On Sabbath all went to church, however great the distance, except one person, in turn, to take care of the house or younger children, and others to tend the cattle. After a late dinner, on their return, the family assembled around the master,

who first catechised the children, and then the servants. Each was required to tell what he remembered of the religious services they had joined in at the house of God; each repeated a portion of the Shorter Catechism; and all were then examined on heads of divinity, from the mouth of the master. Throughout the whole of the Sabbath, all worldly concerns, except such as necessity or mercy required to be attended to, were strictly laid aside; and nothing was allowed to enter into conversation save subjects of religion.

These homely details may perhaps seem, at first sight, calculated to corroborate, in some respects, the exaggerated notions which prevail in England respecting the religious austerity of the old Presbyterians; and readers, looking exclusively to the strictness of their discipline, their alleged "proscription of all amusements," the limited education, the want of books, and, above all, the want of refinement which, according to our modern notions, might be expected to be the necessary result of familiar association with menial servants, may possibly picture to themselves a state of society altogether clownish, melancholy, and monotonous. Yet this would be a very false estimate of the real character and condition of the old Scottish tenantry.

The life of the husbandman and his dependents, in those days, was so far from being unenlivened by mirth and enjoyment, that there was in truth much more real enjoyment than is now often to be witnessed. They had more leisure to be merry than their descendants, and there was,

in reality, no proscription of innocent amusements. Spring and autumn were the only seasons that required very arduous labour in the old system of husbandry; and then those seasons came round with an air of more festivity, had more of a heartstirring aspect about them, and their toils were encountered with a more grateful alacrity, than in our days of regular rotations and improved machinery. At other seasons of the year the labours were comparatively light. The winning of peats and hay, ewe-milking, sheep-shearing, the dairy, and the tending of the flocks and herds, chiefly occupied the jocund days of summer. In winter their leisure was still greater, and their enjoyments not less diversified.
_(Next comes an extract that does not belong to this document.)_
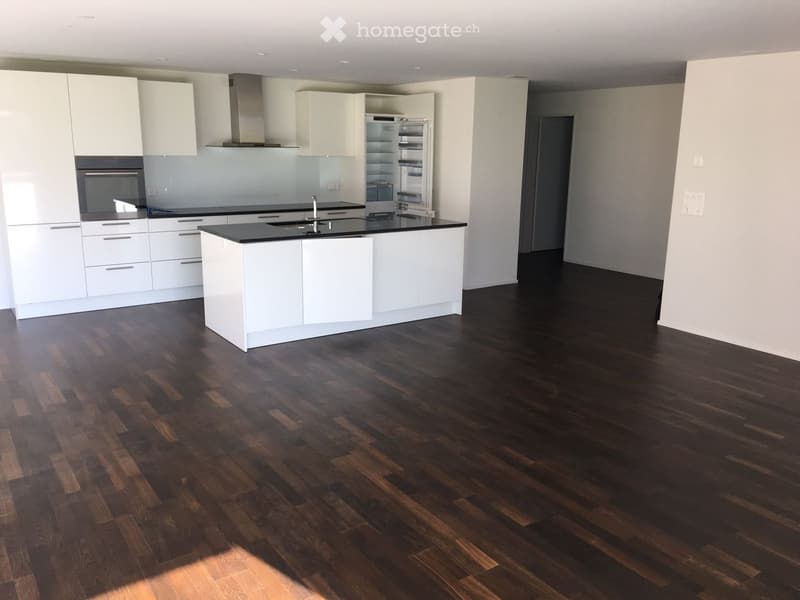 Modern kitchen with white cabinets, dark wooden flooring, central island, and stainless steel appliances including a refrigerator, oven, and sink.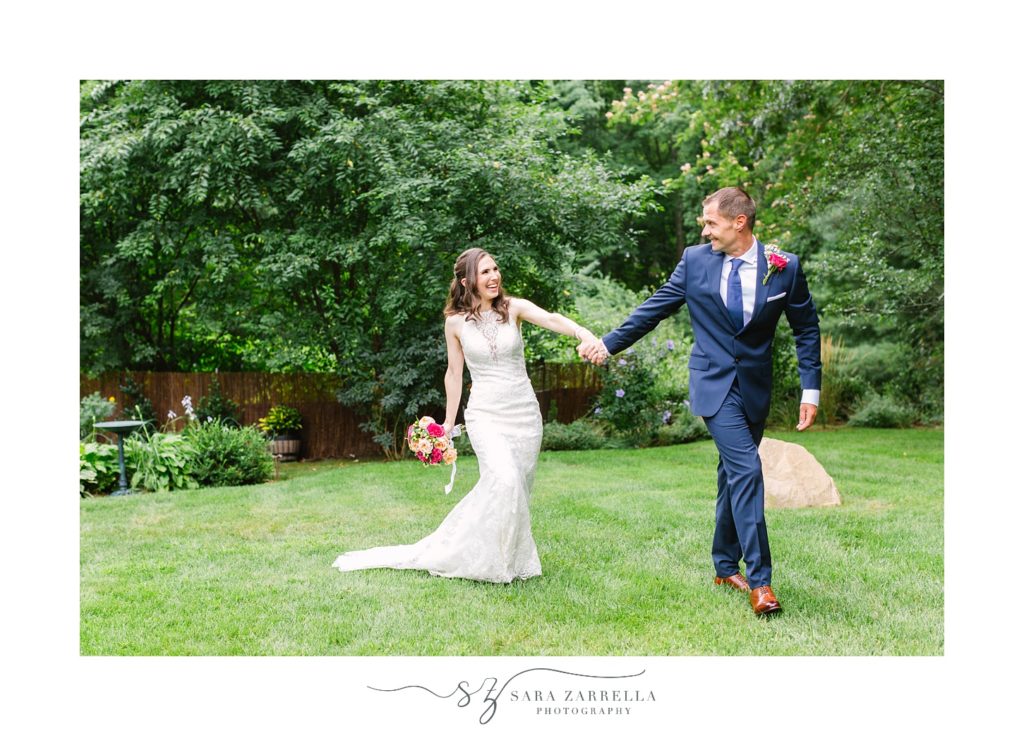 newlyweds walk through backyard after Rhode Island wedding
Field sports were eagerly followed in the intervals of labour, or when frost and snow had stopped the progress of the plough; nor were the peasantry then restrained from such hardy amusements by the enforcement of demoralising game laws. At other times, the grave good-man would toss down to his sons and servant-lads the foot-ball or the kitticat, and bid them take a bout to warm their youthful blood. And in the long winter evenings, when seated around the fire, harmless mirth and jocularity pleasantly alternated with more serious and instructive conversation; nor did any puritanical sourness forbid the recitation of the old romantic border ballads and legends, or the singing of the sweet pastoral songs, of which both the poetry and the music were, like the broom and birch of the braes around them, the spontaneous and unsophisticated growth of their own beautiful country.